Late in the summer, before classes started, I was sitting in my living room, stuffing, sealing and stamping—by tongue!—200 invitations. And then sending out more follow-up letters once the semester got rolling. (Life before email was tragic.) Then the competition had to be organized, the judges selected, the breakout sessions planned, and on and on. Event management is a beast and anyone who has ever planned a wedding knows what I mean.

The all-day event itself was a huge success, with the winning squads performing at halftime for the basketball game that night. This was also a big fundraising event for our squad—another being our basketball game played against the basketball players while riding donkeys—so at the end of the day, I sat in my living room counting the cash. We had collected thousands of dollars. One important detail of the day that I carefully oversaw: Guard the cash box!

The teacher in charge of our bank account was also one of the people working at the scoring table for the game. So I taped the money into a brown paper bag and walked it up to school, petrified of being mugged. No one knows you have this. No one knows you have this. Just be cool. Mr. Peterman and I had talked on the phone about the drop, but I sure felt weird walking into the gym that night carrying that package filled with thousands in cash and sliding it across the table to him.

If I have any regrets about my time on the squad, it would be this. First, that routine I created for tryouts our sophomore year, to Caught Up in You by .38 Special, was way too hard. What was I trying to prove? I had made up the routine in my kitchen that summer after freshman year while wearing out a cassette in my crappy little—read: huge—boom box. Also that summer, I had the police at my door one day when a neighbor complained about my loud music. I’d been cranking a cassette of A Chorus Line and singing along at the top of my lungs.

Second, my co-captain and I should not have colluded to keep an annoying but deserving girl off the squad. We thought we could play God, then threw the score sheets into the incinerator so we wouldn’t get caught. When I saw her perform in a dance ensemble our senior year, grooving to those awesome tunes from the movie Footloose, I was glad to see she’d landed on her feet. Still, what we did was wrong, and I knew that even then.

Here’s what else was wrong: I had nowhere else to go as a pom-pom girl after that. I still loved what we did, but I couldn’t do that again. I couldn’t sign up for being captain another year—even though it could have been possible and I was being encouraged to do it—but then again, could I be on the squad now and not be captain?
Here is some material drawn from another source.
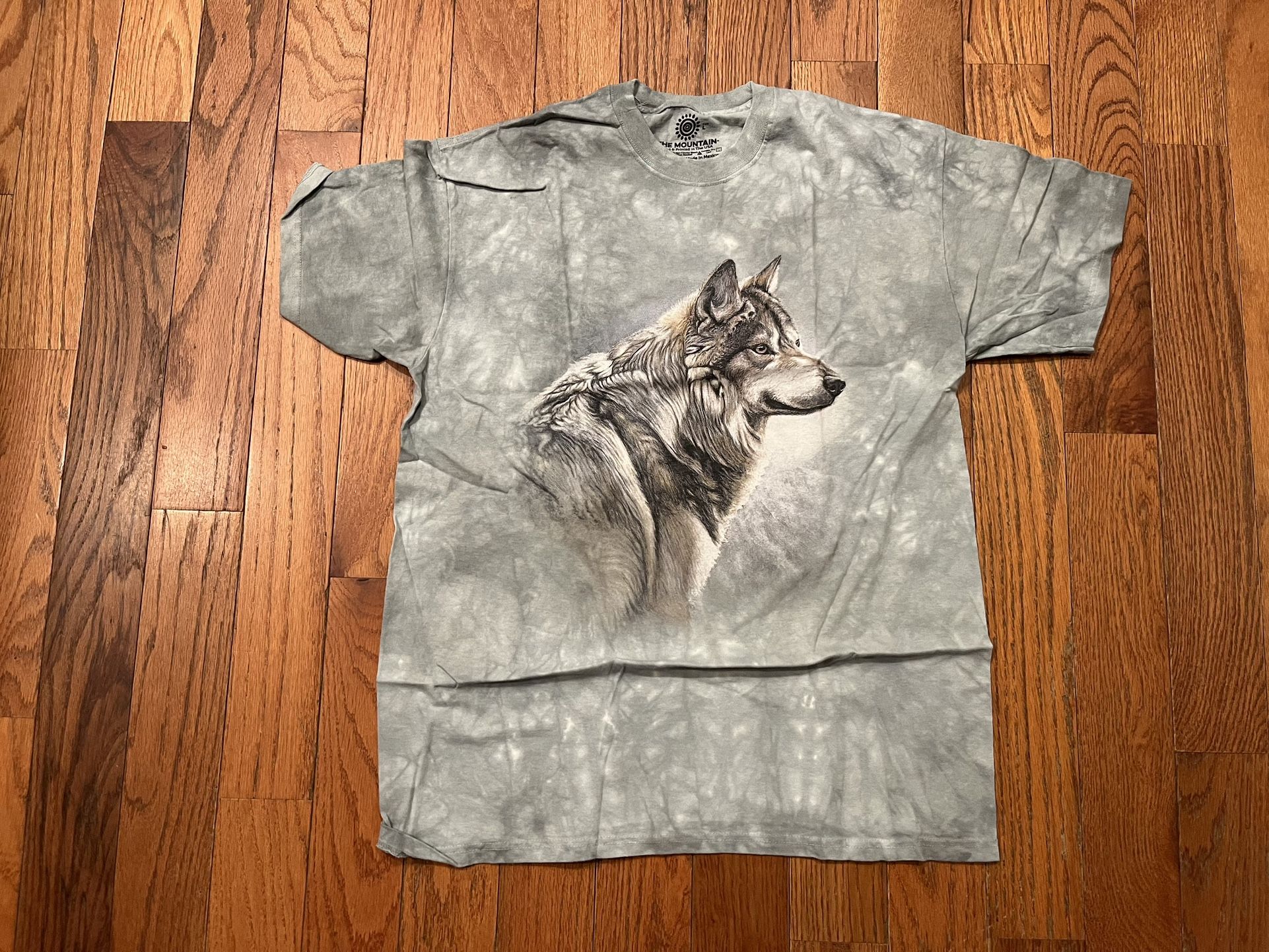 The Mountain Tie Dye Grey Blue Wild Wolf T-Shirt Adult Mens Large 10664 New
When try-outs came along in the fall, I had changed housing and was now living with eight girls from the squad in one of those hard-to-heat old houses a few blocks off Water Street. I struggled mightily with the decision of being on the squad again—the opportunity for captain had come and gone in the spring when the new year’s slate was elected—finally breaking down and showing up for the first day of try-outs. But I didn’t come back the second day. I was like Cassie in A Chorus Line, a former star dancer who now just wanted the “music and the mirror and the chance to dance.” But I no longer fit in.